At this year's Google I/O developer's conference in Mountain View, Google demoed a very natural-sounding Google Assistant making an appointment over the phone - a feature it calls Google Duplex.
This wasn't just auto-filling an online form - according to various recordings tweeted from the conference, this was a phone call between Google's AI Assistant and a human working at a salon.
A machine playing the part of a human? Well someone nudge forward the Doomsday Clock, the singularity is almost here.
This is bananas. Google Assistant just called to book a haircut for someone. #io18 pic.twitter.com/gr2V0NjfiH
— Daniel Bader (@journeydan) May 8, 2018
With practically no delay, Google's AI seemed to navigate the conversation effortlessly. Granted, it didn't take too much back-and-forth to settle on a time.

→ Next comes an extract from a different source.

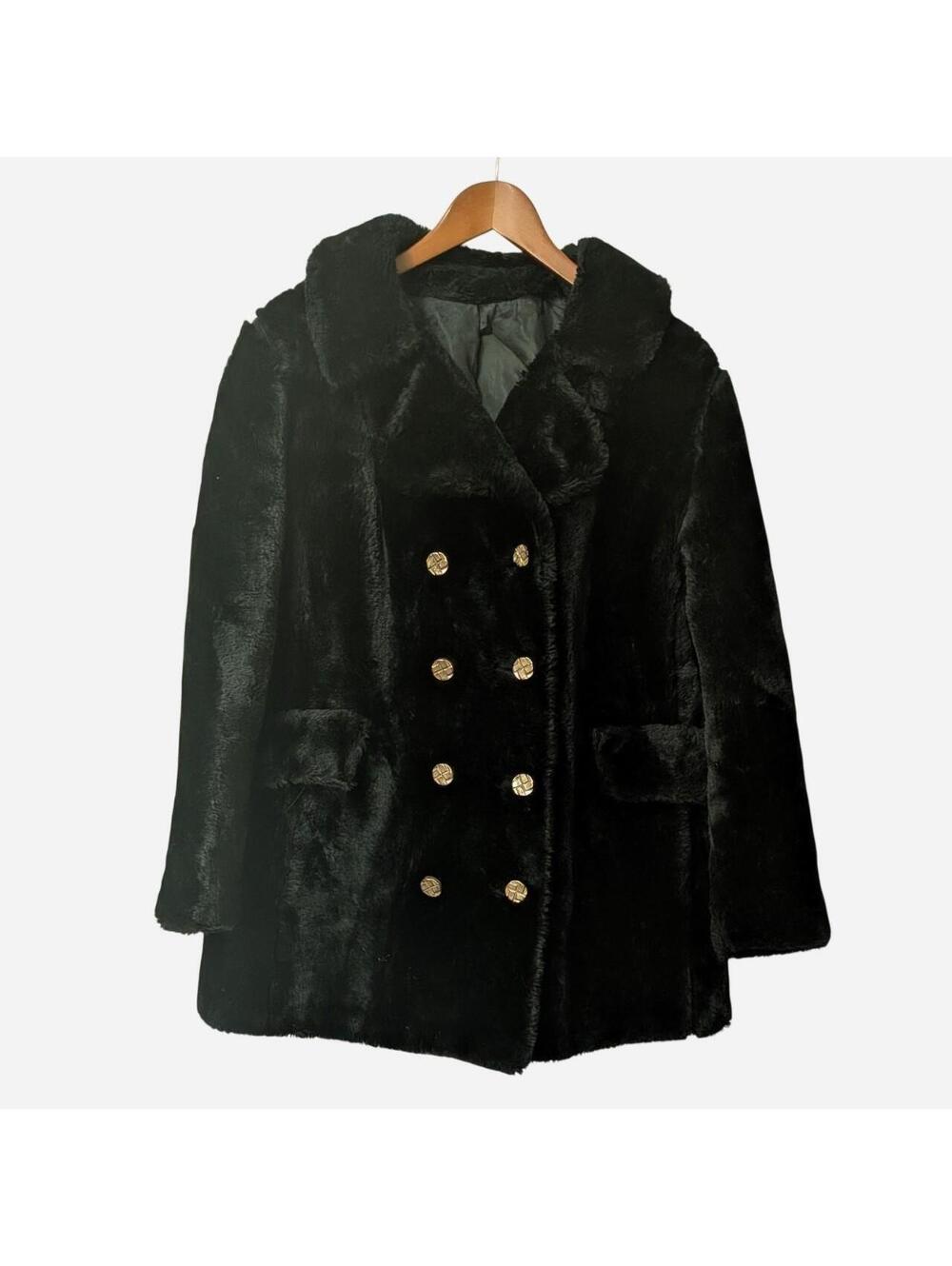 1970s Black Faux Fur Double Breasted Coat Women's Small Vintage Rich Mob Wife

But it's eerie to listen to. The lines between human and AI have been tremendously blurred; it's nearly impossible to tell the cheerful salon worker from Google's Assistant. The intonation was spot on, and far from monotonous, or robotic.
The AI even threw in a couple of "uh's" and "hmm's," before it answered, the way a real human would.
Whether or not it lives up to its demo, Google's Duplex feature shows how far AI has come. But we might have to wait a bit until we can find out for ourselves. "We are still developing this technology," CEO Sundar Pichai announced after the demo at Google I/O.
Duplex will be rolled out to a limited number of testers as part of an "experiment in the coming weeks."
Duplex wasn't the only impressive AI feature announced at the conference. Google also announced a Smart Compose feature that can write emails for you, expanding on its "canned response"-style Smart Reply feature.
Google's AI can even colorize black-and-white photos now using machine learning and advanced object recognition. Oh, and John Legend's silky-smooth voice could be the one to book those hair appointments for you, instead of the boring default Assistant's.
But Duplex definitely seems to be the most impressive - and, perhaps, the most useful. I, for one, can't wait to outsource all of my phone calls to a robotic assistant.